为什么继承在 Java 和 C++ 中的行为不同，超类调用（或不调用）子类的方法？

Question

I have written - what seemed to be - exactly the same example of inheritance both in Java and C++. I am really amazed to see the different outputs of these programs. Let me share both code snippets and the corresponding outputs.

---

C++ Code:

class A
{
public:
    A() {}
    void sleep() {
        cout << "A.Sleep" << endl;
        eat();
    }
    void eat() {cout << "A.Eat" << endl;}
};

class B: public A
{
public:
    B() {}
    void sleep() {
        A::sleep();
        cout << "B.Sleep " <<endl;
        this->eat();
    }
    void eat() {
        cout << "B.Eat" << endl;
        run();
    }
    void run() {
        A::sleep();
        cout << "B.run" << endl;
    }
};

int main()
{
    B *b = new B();
    b->sleep();
}

---

Output:

A.Sleep
A.Eat
B.Sleep
B.Eat
A.Sleep
A.Eat
B.run

executed successfully...

---

Java Code:

class A
{
    A() {}
    void sleep() {
        System.out.println("A.Sleep");
        this.eat();
    }
    void eat() { System.out.println("A.Eat");}
};

class B extends A
{
    B() {}
    @Override
    void sleep() {
        super.sleep();
        System.out.println("B.Sleep");
        this.eat();
    }
    @Override
    void eat() {
        System.out.println("B.Eat");
        run();
    }
    void run() {
        super.sleep();
        System.out.println("B.Run");
    }
}

public class Test {
    public static void main(String[] args) {
        B b = new B();
        b.sleep();
    }
}

---

Output:

A.Sleep
B.Eat
A.Sleep
B.Eat
A.Sleep
......
......
......
(Exception in thread "main" java.lang.StackOverflowError)

---

I don't know why these two examples of inheritance behave differently.

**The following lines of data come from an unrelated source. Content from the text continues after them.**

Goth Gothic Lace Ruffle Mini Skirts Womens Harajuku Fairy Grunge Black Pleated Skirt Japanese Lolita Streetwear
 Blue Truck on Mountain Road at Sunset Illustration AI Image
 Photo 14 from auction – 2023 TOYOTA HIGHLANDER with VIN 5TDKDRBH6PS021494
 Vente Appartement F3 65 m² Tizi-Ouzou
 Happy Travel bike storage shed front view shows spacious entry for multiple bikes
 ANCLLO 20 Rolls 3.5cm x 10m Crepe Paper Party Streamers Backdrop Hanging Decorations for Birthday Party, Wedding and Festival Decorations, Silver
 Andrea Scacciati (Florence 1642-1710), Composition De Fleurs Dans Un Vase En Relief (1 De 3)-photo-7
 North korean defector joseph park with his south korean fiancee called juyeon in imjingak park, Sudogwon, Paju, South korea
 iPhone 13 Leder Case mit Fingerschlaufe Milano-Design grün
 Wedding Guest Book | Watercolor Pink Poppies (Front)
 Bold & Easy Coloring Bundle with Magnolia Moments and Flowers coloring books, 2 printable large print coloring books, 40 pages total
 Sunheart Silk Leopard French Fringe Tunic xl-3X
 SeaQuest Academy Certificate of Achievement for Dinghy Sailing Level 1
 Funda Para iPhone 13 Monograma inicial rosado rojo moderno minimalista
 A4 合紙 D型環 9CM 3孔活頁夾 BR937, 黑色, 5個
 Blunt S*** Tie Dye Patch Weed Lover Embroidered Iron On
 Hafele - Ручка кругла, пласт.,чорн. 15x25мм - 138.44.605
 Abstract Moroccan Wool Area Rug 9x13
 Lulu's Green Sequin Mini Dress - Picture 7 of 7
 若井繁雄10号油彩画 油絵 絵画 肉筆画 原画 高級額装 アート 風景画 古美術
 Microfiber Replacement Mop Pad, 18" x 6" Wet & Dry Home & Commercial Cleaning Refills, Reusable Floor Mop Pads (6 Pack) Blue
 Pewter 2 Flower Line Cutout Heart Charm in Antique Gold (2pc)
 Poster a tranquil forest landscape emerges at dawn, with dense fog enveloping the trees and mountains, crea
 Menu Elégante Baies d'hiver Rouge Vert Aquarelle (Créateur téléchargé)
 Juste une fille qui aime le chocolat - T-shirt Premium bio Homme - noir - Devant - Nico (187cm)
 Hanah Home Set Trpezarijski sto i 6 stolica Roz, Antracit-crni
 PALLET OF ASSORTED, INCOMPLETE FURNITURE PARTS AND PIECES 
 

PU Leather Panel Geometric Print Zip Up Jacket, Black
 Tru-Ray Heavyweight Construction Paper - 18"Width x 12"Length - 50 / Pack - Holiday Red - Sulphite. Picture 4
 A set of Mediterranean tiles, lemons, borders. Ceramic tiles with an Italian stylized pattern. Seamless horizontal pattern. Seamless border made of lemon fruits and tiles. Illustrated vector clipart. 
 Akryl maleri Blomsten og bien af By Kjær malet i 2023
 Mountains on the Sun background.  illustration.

Shouldn't it work similarly?

What is the explanation for this scenario?

Answer 1

In your C++ example you are hiding the base methods, but you don't override them. So they are actually different methods which just happen to have the same name. If you are calling

A* a = new B();
a->sleep();

it will actually print "A.Sleep" . If you want to override a method, you need to declare it virtual in the Base class (automatically making it virtual in all sub classes too). You can read more about function hiding vs overriding in C++ in this post .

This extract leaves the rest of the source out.